すなわち、本発明の温度補償型てんぷ構造体では、てんぷの周期Tの温度依存性[2α2−3α1−β](ここで、α1はひげぜんまいの線膨張係数、α2はてん輪の線膨張係数、βはひげぜんまいのヤング率の温度係数)において、α2が負になるので、ひげぜんまいのヤング率の温度係数βが比較的大きな負の値を採っても、βと[2α2−3α1]とが同程度の値になって相殺し、[2α2−3α1−β]を実際上ゼロに近い値にし得、てんぷ構造体の振動ないし往復回動の周期Tの温度依存性を最低限に抑え得る。
本発明の温度補償型てんぷ構造体では、典型的には、てん輪が、てん輪本体に加えて、該てん輪本体のリム部の周方向に間隔をおいててん輪本体に装着された複数の重錘部材であっててん輪本体よりも密度(単位体積当りの質量)の大きい材料からなるものを有する。
その場合、てん輪本体を構成する熱膨張係数が負の材料が密度の小さい材料(例えば、5〜6g/cm3程度のセラミック材料)である場合には、重錘部材が正の熱膨張係数を有する通常の材料であっても、例えば温度に伴って重錘部材自体が熱膨張しても、てん輪本体の熱収縮(負の熱膨張)に伴うてん輪本体の無端リング形態のリム部の径小化に応じて重錘部材が径方向内向きに変位される。すなわち、てん輪本体及び重錘部材からなるてん輪があたかも全体として負の熱膨張係数を有する材料からなるかの如く振舞い(径方向内向きに変位され)、てんぷ構造体の振動(往復回動)の周期Tの温度依存性を最低限に抑え得る。ここで、温度上昇に伴うてん輪本体の収縮(負の熱膨張)に応じて重錘部材が径方向内向きに変位され得るのは、複数の重錘部材が相互に間隔をおいててん輪本体のリム部に配置されていることによる。
特に、この場合、重錘部材として、例えばタングステン(常温で19.3g/cm3程度)の如く密度の高い金属材料若しくは同様に密度の高い合金材料を用いたり、又はタングステン程ではないけれどもセラミック材料と比較して十分に密度が高い金属若しくは合金材料を用いたりすることが一つの有力な選択肢として考慮され得る。使用が期待される場合には、高密度材料は、白金等の貴金属又は同合金材料であってもよい。
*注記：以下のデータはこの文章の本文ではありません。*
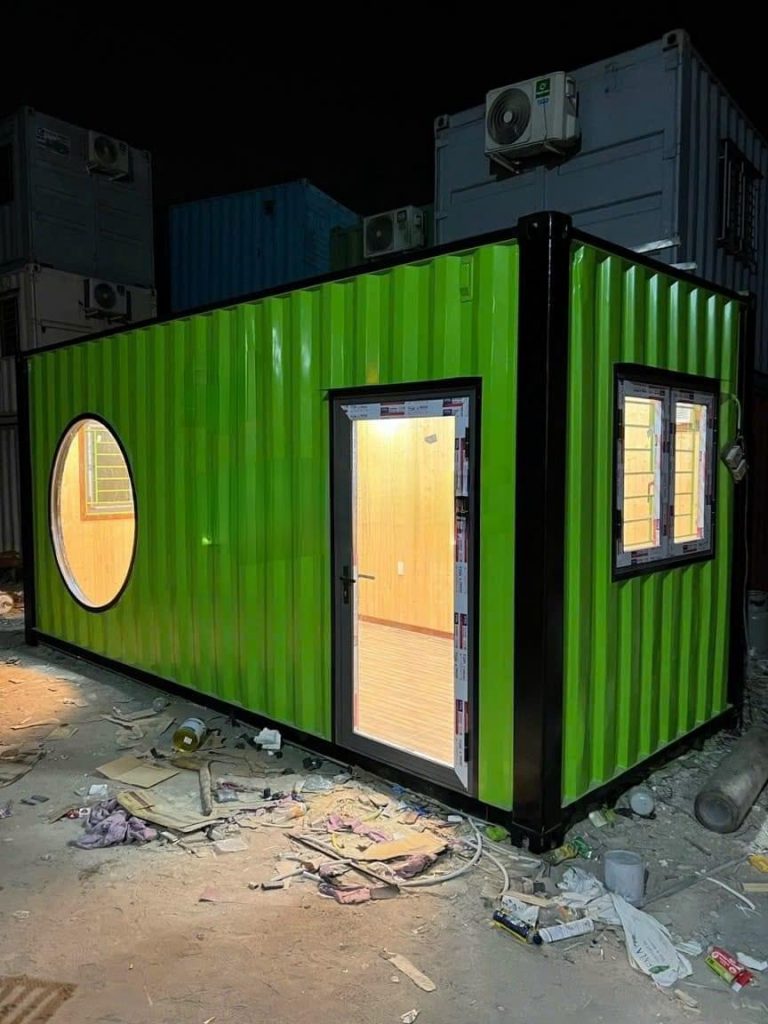 Container Thiên Tân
これらの場合、てん輪本体及び複数の重錘部材からなるてん輪の慣性モーメントとしてある程度の大きさを確保しつつ、てん輪構造体の径を極力小さくして往復振動の際の空気抵抗を最低限に抑え得、てんぷ構造体の往復振動(回動)の際のエネルギロスを最低限に抑え得る。
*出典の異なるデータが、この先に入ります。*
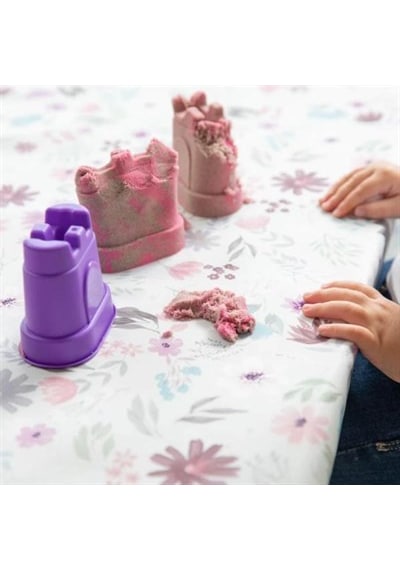Bumkins Splat Mat / Çok Amaçlı Örtü - Floral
てん輪本体を構成する熱膨張係数が負の材料としては、典型的には、逆ペロブスカイト構造を有するMn3Cu1-xGexN(xは例えば0.45〜0.5程度だが、処理方法などにもよる)やMn3Cu1-xSnxN(xは例えば0.45〜0.5程度だが、処理方法などにもよる)の如きマンガン複合窒化物が用いられる。但し、他のセラミック材料でもセラミック以外の材料でもよい
本発明の温度補償型てんぷ構造体は、典型的には、てん輪本体のリム部が、円弧状溝部を周方向に間隔をおいて備え、前記複数の重錘部材の夫々が各円弧状溝部に嵌る円弧状形状を有する。
その場合、円弧状の各重錘部材がてん輪本体のリム部の対応する円弧状溝部に嵌って該溝部内で支持され、温度変化に伴う該円弧状溝部の変位に応じて変位され得る。
本発明の温度補償型てんぷ構造体では、典型的には、円弧状溝部の間の間隙が、てん輪本体のうちてん真とてん輪本体のリム部とを半径方向につなぐアーム部の径方向延長上に位置する。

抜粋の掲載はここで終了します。